• _DATA SEGMENT_:
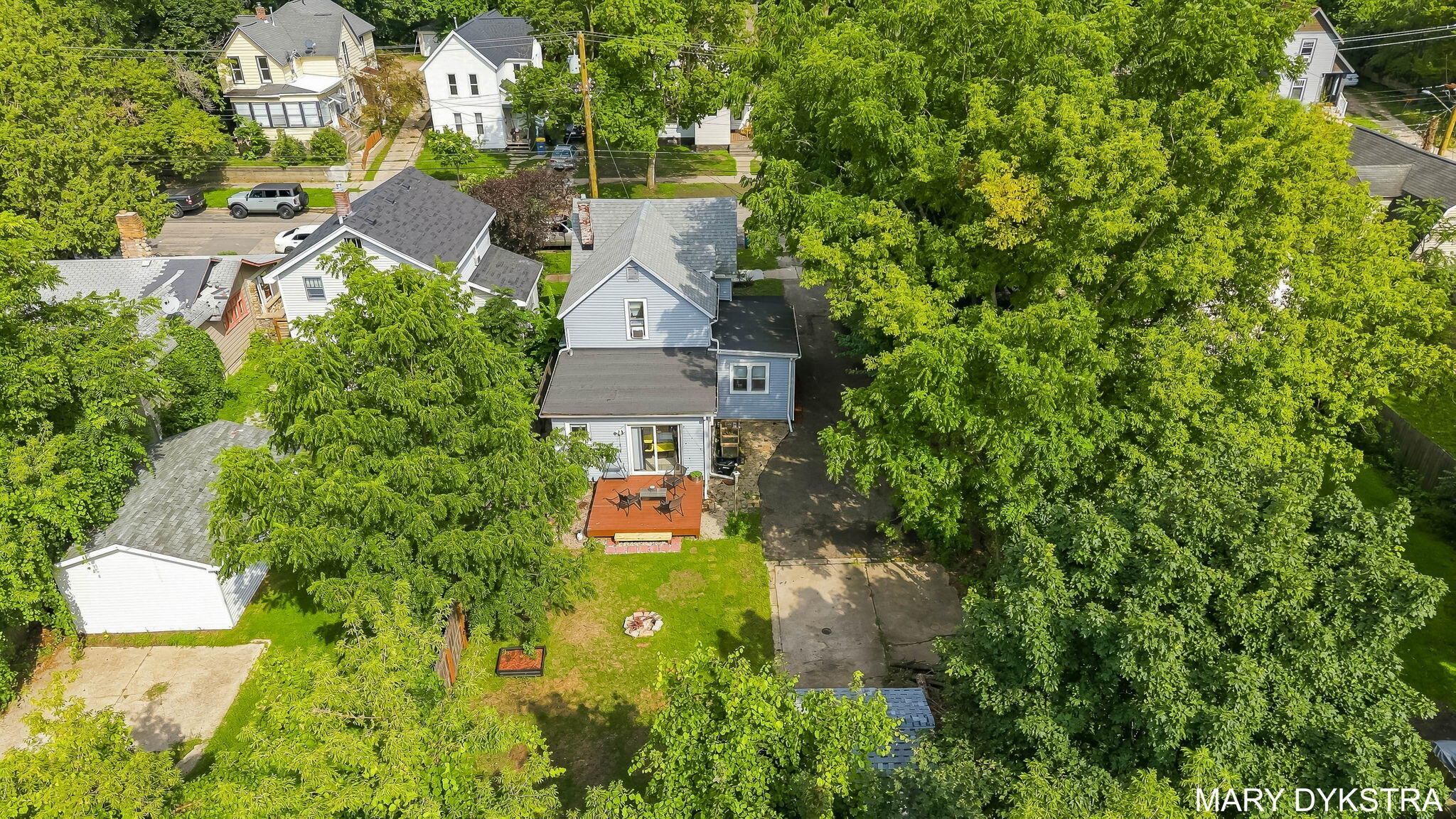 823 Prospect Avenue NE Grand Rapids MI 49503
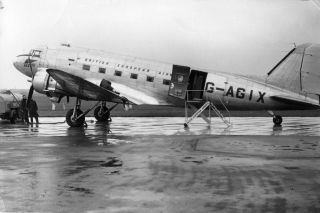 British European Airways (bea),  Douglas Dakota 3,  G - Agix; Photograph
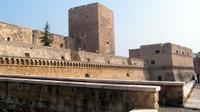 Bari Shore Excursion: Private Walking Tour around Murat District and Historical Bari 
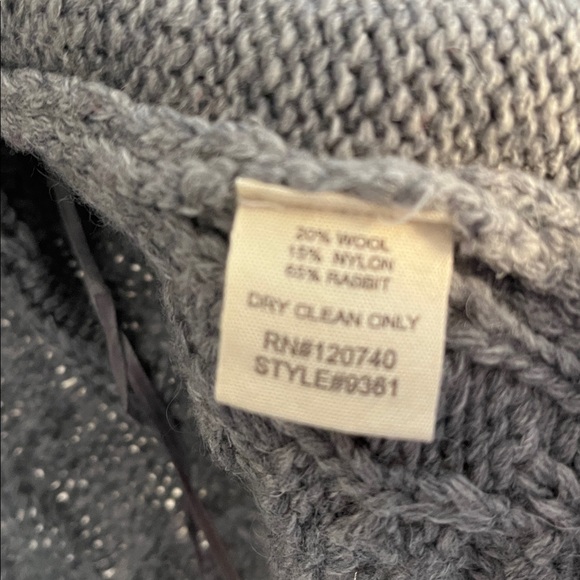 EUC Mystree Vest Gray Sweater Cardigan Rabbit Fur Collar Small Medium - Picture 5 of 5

• _YOUR INSTRUCTIONS_:
An unchanged copy of the listing, with no pictures, should be returned.

• _SOLVED EXERCISE_:
 823 Prospect Avenue NE Grand Rapids MI 49503
 British European Airways (bea),  Douglas Dakota 3,  G - Agix; Photograph
 Bari Shore Excursion: Private Walking Tour around Murat District and Historical Bari 
 EUC Mystree Vest Gray Sweater Cardigan Rabbit Fur Collar Small Medium - Picture 5 of 5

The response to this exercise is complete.